[Short web captions]
• • • • • • •

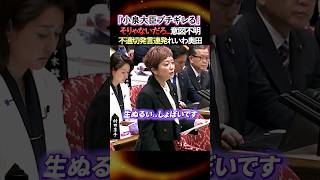 【不適切発言連発】※小泉防衛大臣も激怒...れいわ奥田議員が意図不明の質問で皆唖然...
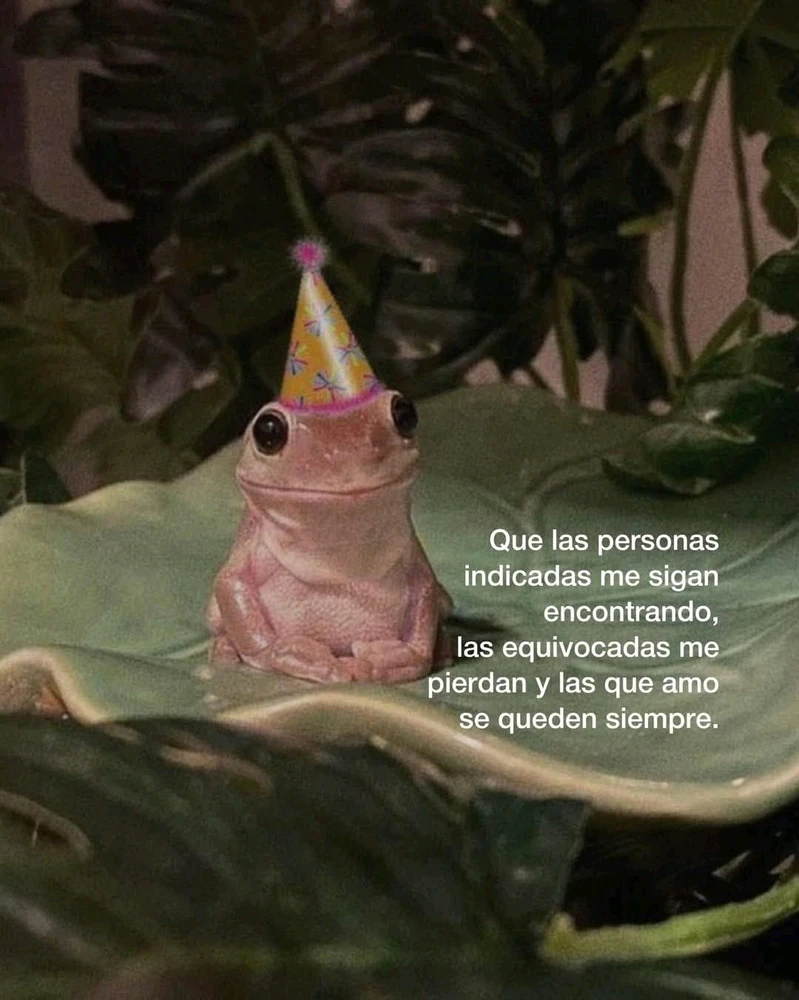 GIF subido por San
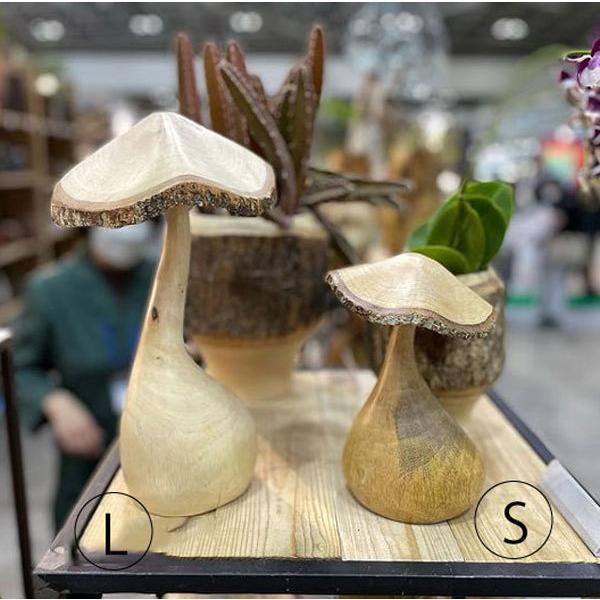 IuWF u ̂ LmR }S[Ebh  CeA fBXvC }bV[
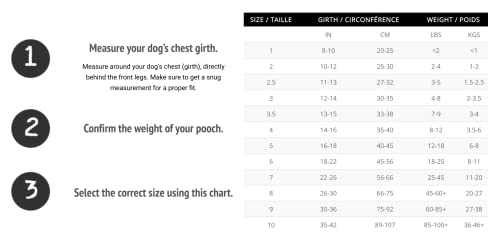 Buddy Belt Harness Moonwalk - Luxury Edition (2.5) #TOP6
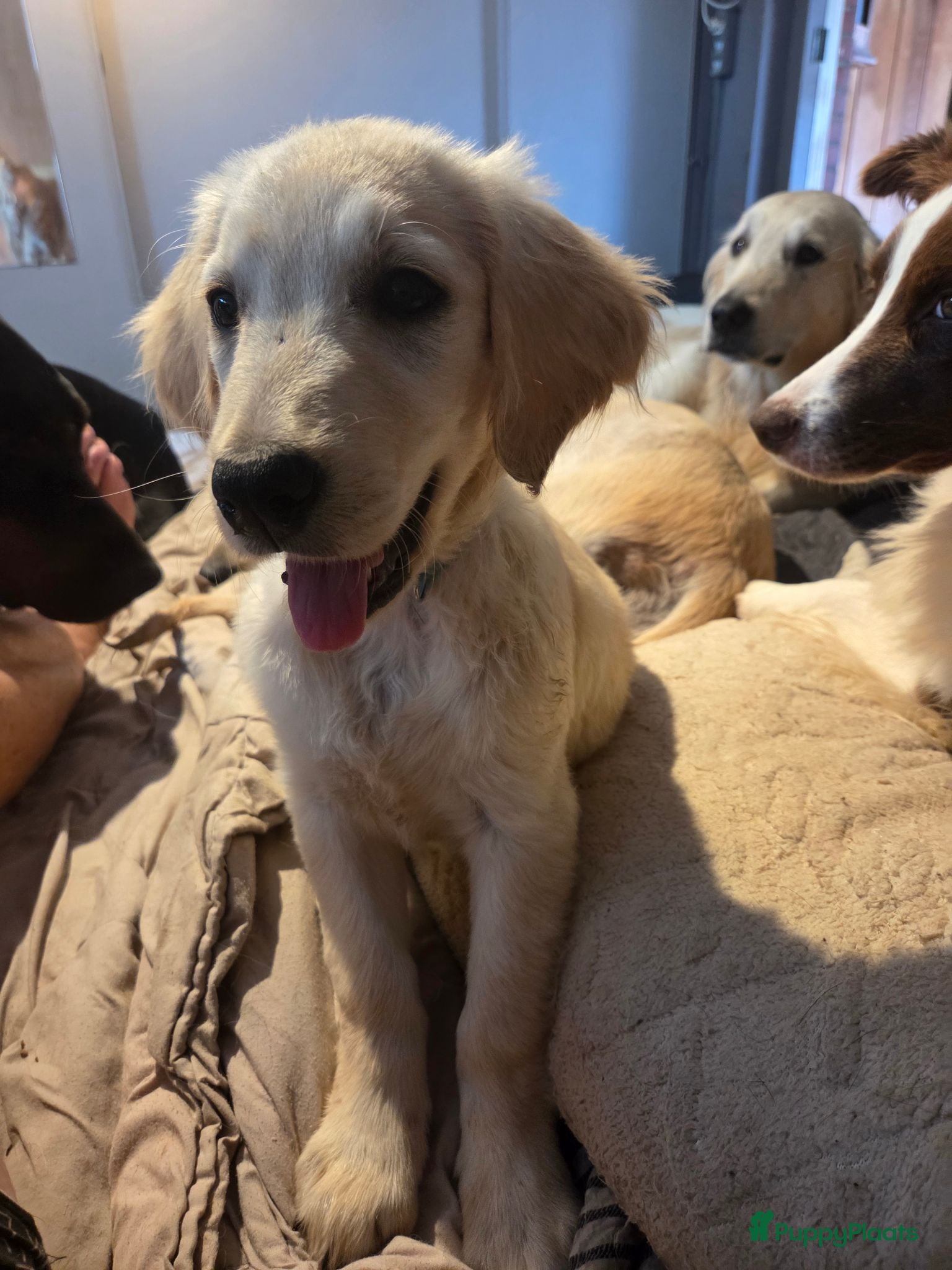 Flatcoated Retriever honden Flatcoated Retriever Pup te koop  - Advertentie 2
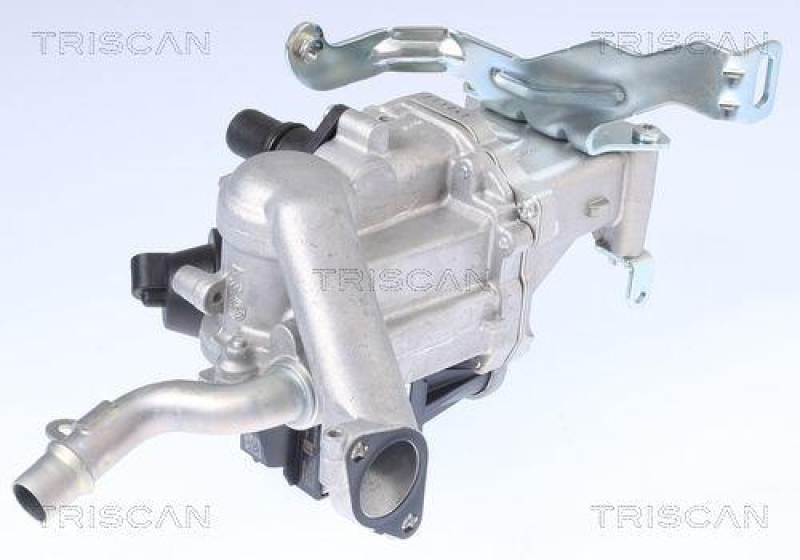 TRISCAN 8813 10106 Agr Ventil f&uuml;r Psa, Volvo, Ford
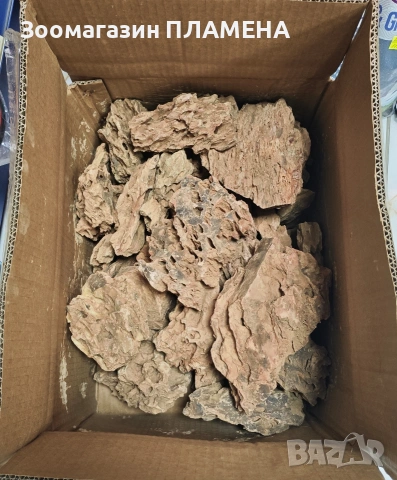 Азалия и драконов камък , снимка 3 - Аквариуми - 53130233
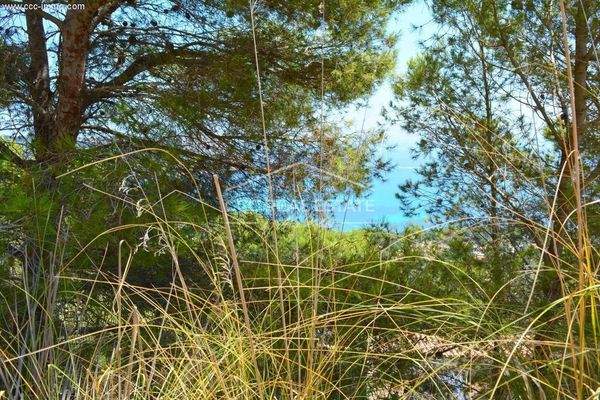 ... in natürlicher Umgebung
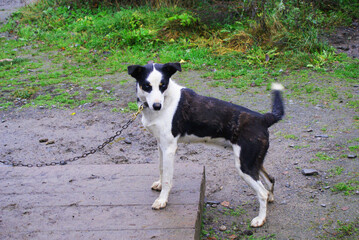 Norwegian mix sled dog e, man's best friend, pet.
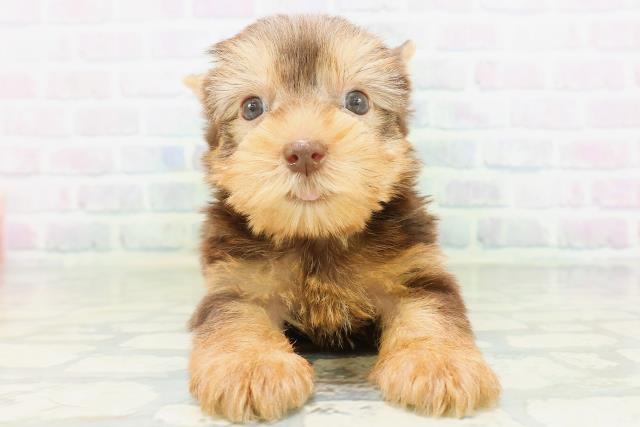 新潟県のヨークシャーテリア (Coo&RIKU長岡店/2026年8月4日生まれ/男の子/チョコレートタン)の子犬の1枚目の画像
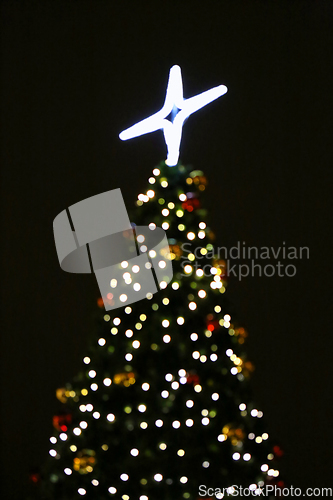 Image of Christmas tree, unfocused holiday abstract background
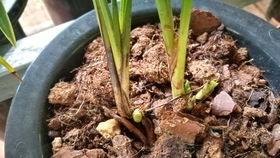 防草荒，有绝招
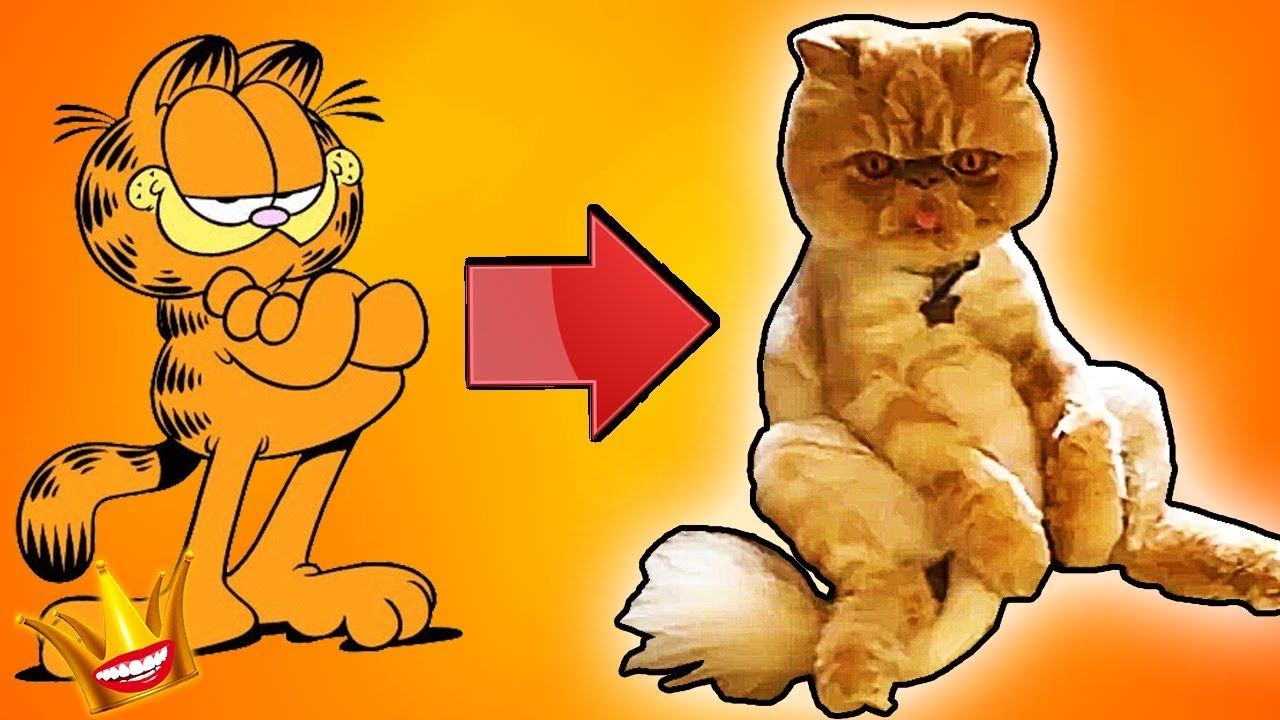 Real Garfield, Cat, Cats, Real Life Garfield Cat, Garfield Cat, Funny, Real...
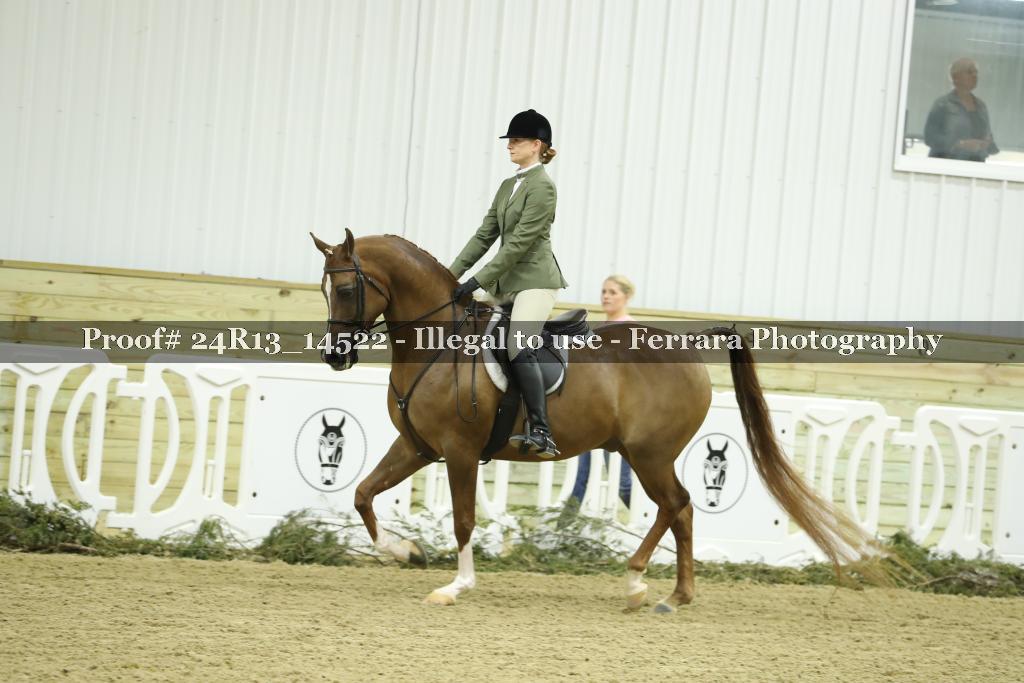 Proof 24R13_14522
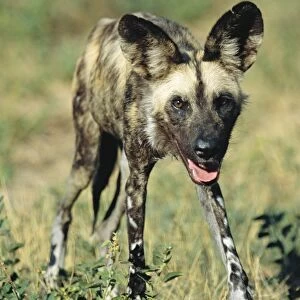 Wild Dog - Namibia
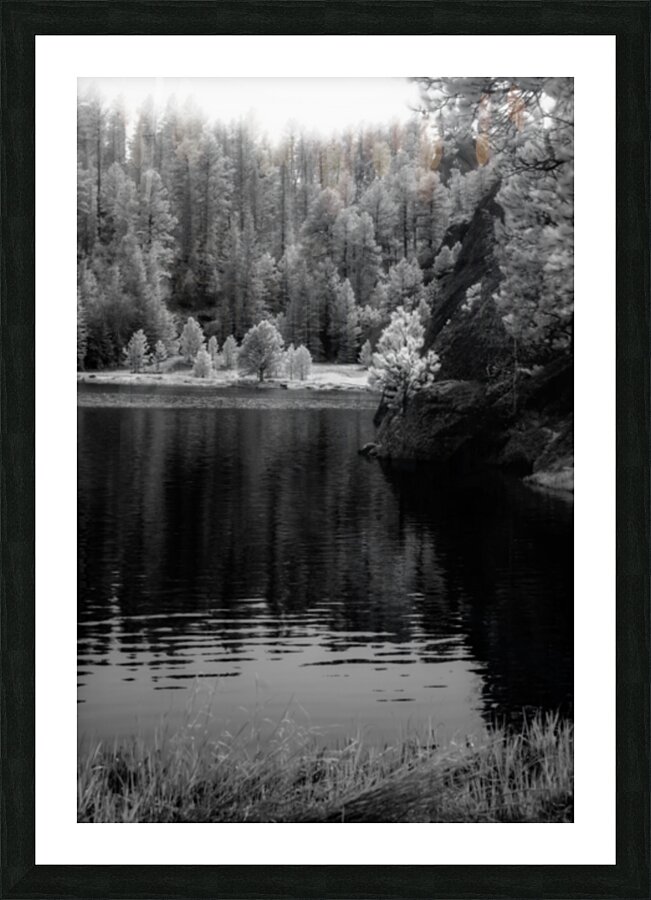 Enchanting Haze: Hazy Pines in Infrared at Sylvan Lake South Dakota Picture Frame print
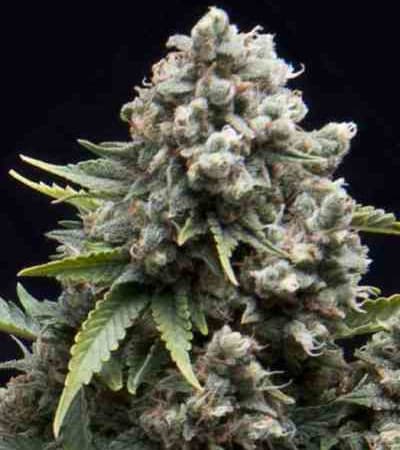 Auto AK > Linda Seeds | Cannabis seeds recommendations  |  Affordable Cannabis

• • • • • • •

What to work on. A verbatim copy of the records is expected, from their first line through the line with "Wild Dog - Namibia", inclusive, with the pictures removed.

Response.
 【不適切発言連発】※小泉防衛大臣も激怒...れいわ奥田議員が意図不明の質問で皆唖然...
 GIF subido por San
 IuWF u ̂ LmR }S[Ebh  CeA fBXvC }bV[
 Buddy Belt Harness Moonwalk - Luxury Edition (2.5) #TOP6
 Flatcoated Retriever honden Flatcoated Retriever Pup te koop  - Advertentie 2
 TRISCAN 8813 10106 Agr Ventil f&uuml;r Psa, Volvo, Ford
 Азалия и драконов камък , снимка 3 - Аквариуми - 53130233
 ... in natürlicher Umgebung
 Norwegian mix sled dog e, man's best friend, pet.
 新潟県のヨークシャーテリア (Coo&RIKU長岡店/2026年8月4日生まれ/男の子/チョコレートタン)の子犬の1枚目の画像
 Image of Christmas tree, unfocused holiday abstract background
 防草荒，有绝招
 Real Garfield, Cat, Cats, Real Life Garfield Cat, Garfield Cat, Funny, Real...
 Proof 24R13_14522
 Wild Dog - Namibia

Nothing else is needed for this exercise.